Florence Humbert
1 livre sur 4 détruit sans avoir été lu
Surproduction, délocalisation de la fabrication du papier et de l’impression des livres… une étude du Bureau d’analyse sociétale pour une information citoyenne (Basic) tire la sonnette d’alarme sur les impacts sociétaux et écologiques de l’édition française.
Avec 581 nouveaux romans, la rentrée littéraire bat son plein dans les librairies. Mais cette offre pléthorique a son revers. C’est ce que révèle une récente étude du Bureau d’analyse sociétale pour une information citoyenne (Basic). « Pour chaque euro de bénéfice généré par l’édition d’un ouvrage, il existe un coût caché de 75 centimes à la charge de la société, principalement à cause de la fabrication du papier », estime ce rapport intitulé « Un livre français : évolutions et impacts de l’édition en France » (1), qui passe au crible les principaux points noirs du secteur. À commencer par l’énorme gaspillage engendré par un modèle économique en surproduction. Chaque année, près de 1 livre imprimé sur 4 est détruit sans jamais avoir été lu ! Ce qui représentait 142 millions de volumes (romans ou essais) pour l’année 2015.
Paradoxalement, dans un contexte d’érosion de la lecture, la production de livres ne cesse d’augmenter depuis les années 1970, pour atteindre aujourd’hui 70 000 titres annuels.
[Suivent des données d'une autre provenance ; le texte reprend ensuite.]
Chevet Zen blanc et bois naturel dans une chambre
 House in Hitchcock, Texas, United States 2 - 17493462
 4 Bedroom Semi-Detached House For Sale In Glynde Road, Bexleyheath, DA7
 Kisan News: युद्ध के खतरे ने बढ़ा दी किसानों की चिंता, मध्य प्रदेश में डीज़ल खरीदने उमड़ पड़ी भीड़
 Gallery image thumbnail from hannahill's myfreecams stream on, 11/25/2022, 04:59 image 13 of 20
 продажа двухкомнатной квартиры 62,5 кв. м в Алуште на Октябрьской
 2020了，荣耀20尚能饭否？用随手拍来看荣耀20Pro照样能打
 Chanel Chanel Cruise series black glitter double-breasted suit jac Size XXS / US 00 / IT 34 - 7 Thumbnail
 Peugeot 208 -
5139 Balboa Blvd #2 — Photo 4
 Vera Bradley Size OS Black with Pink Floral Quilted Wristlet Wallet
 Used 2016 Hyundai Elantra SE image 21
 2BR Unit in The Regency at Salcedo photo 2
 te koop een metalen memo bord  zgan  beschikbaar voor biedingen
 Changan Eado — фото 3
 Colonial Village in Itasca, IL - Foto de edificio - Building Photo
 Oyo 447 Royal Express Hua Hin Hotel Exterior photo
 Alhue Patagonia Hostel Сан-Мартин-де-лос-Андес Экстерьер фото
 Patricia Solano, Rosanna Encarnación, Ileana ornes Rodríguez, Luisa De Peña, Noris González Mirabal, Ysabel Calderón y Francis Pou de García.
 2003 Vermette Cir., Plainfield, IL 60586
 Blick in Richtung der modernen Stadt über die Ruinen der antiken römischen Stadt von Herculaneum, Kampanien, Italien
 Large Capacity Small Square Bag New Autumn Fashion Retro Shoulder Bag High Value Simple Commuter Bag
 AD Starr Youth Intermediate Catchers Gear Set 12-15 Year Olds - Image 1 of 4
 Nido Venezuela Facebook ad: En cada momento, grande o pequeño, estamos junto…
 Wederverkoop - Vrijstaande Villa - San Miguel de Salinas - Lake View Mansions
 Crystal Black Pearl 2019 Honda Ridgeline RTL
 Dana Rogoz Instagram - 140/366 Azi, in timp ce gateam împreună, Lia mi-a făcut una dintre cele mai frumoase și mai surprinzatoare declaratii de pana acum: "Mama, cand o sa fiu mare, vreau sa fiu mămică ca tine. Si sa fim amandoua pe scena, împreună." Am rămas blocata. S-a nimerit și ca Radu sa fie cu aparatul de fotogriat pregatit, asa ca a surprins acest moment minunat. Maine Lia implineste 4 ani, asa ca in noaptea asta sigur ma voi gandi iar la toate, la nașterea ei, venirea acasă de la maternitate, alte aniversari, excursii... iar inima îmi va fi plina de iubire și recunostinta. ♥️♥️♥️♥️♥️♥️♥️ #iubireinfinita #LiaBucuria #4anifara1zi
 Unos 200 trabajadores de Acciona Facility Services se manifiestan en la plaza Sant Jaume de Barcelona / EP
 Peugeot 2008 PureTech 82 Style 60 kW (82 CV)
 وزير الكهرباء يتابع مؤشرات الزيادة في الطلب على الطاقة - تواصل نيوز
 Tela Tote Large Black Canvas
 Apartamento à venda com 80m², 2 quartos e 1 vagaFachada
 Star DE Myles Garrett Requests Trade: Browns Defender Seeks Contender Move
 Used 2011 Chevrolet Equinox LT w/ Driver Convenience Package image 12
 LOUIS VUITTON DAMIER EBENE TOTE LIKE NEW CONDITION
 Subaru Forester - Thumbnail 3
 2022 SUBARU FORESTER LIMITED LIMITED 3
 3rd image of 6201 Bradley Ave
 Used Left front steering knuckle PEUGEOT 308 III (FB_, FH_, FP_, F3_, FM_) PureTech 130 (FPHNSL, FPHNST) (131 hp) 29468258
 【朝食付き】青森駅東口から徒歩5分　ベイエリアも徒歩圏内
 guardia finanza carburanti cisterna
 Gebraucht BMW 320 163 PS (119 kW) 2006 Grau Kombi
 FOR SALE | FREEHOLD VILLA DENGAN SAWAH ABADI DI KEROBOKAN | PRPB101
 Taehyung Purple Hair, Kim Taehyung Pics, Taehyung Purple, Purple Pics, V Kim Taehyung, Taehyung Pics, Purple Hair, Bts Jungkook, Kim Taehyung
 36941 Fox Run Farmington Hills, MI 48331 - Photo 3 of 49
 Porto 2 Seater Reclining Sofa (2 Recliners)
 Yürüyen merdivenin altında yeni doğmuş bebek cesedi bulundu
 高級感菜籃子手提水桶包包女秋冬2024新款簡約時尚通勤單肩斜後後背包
Cette spirale inflationniste résulte de l’emprise grandissante de grands groupes financiers ou d’envergure internationale (Hachette, Editis et Madrigall) qui imposent à l’ensemble de la chaîne du livre des impératifs de rentabilité à court terme. Tant pis pour les œuvres d’accès plus difficile qui mettront plusieurs années avant de trouver leur public. Désormais, le livre est devenu un objet de consommation de masse dont la production obéit aux règles du marketing et de la publicité. « Les maisons d’édition doivent créer de la demande en “inventant” constamment de nouveaux produits », affirme le rapport. Une stratégie qui leur permet d’occuper le terrain et de créer un effet de masse sur les tables des librairies.
Filière mondialisée du papier
À ceci près que la pression toujours plus forte pour réduire les coûts de production a des effets désastreux sur l’emploi. « Les librairies ont perdu quasiment 10 % de leurs effectifs salariés estimés entre 2009 et 2014, rapporte l’étude. Et dans l’édition, ce sont plus de 1 200 postes qui ont disparu en 5 ans, soit 8,7 % de l’effectif. » Plus grave encore, l’industrie papetière, « 3e secteur le plus touché en France par les destructions d’emplois après les secteurs textile et extractif », a connu la perte de 1 emploi sur 3 depuis 2000. Le recours désormais majoritaire à la filière mondialisée du papier par l’industrie du livre a des impacts sociaux et environnementaux qui restent peu connus des professionnels comme du grand public. « Au Brésil, par exemple, d’où provient la majorité de la pâte nécessaire au papier de nos romans, des conglomérats de taille mondiale exploitent d’immenses plantations d’eucalyptus clonés au détriment de la biodiversité, des paysans locaux et des ressources en eau », s’indignent les auteurs de l’étude.
Des solutions existent pourtant pour un livre plus « durable », comme l’utilisation plus systématique de plantations de bois certifiées ou de fibres recyclées, ou encore le recours au livre électronique, mais aucune de ces alternatives ne suffira à mettre fin aux impacts sociétaux constatés. Selon l’étude, il faut transformer plus fondamentalement l’organisation et les pratiques de la filière en s’attaquant à la surproduction et en favorisant les livres éco-conçus. Une « révolution » qui ne pourra se faire sans une prise de conscience des enjeux par l’ensemble des acteurs de la chaîne du livre, mais aussi des consommateurs.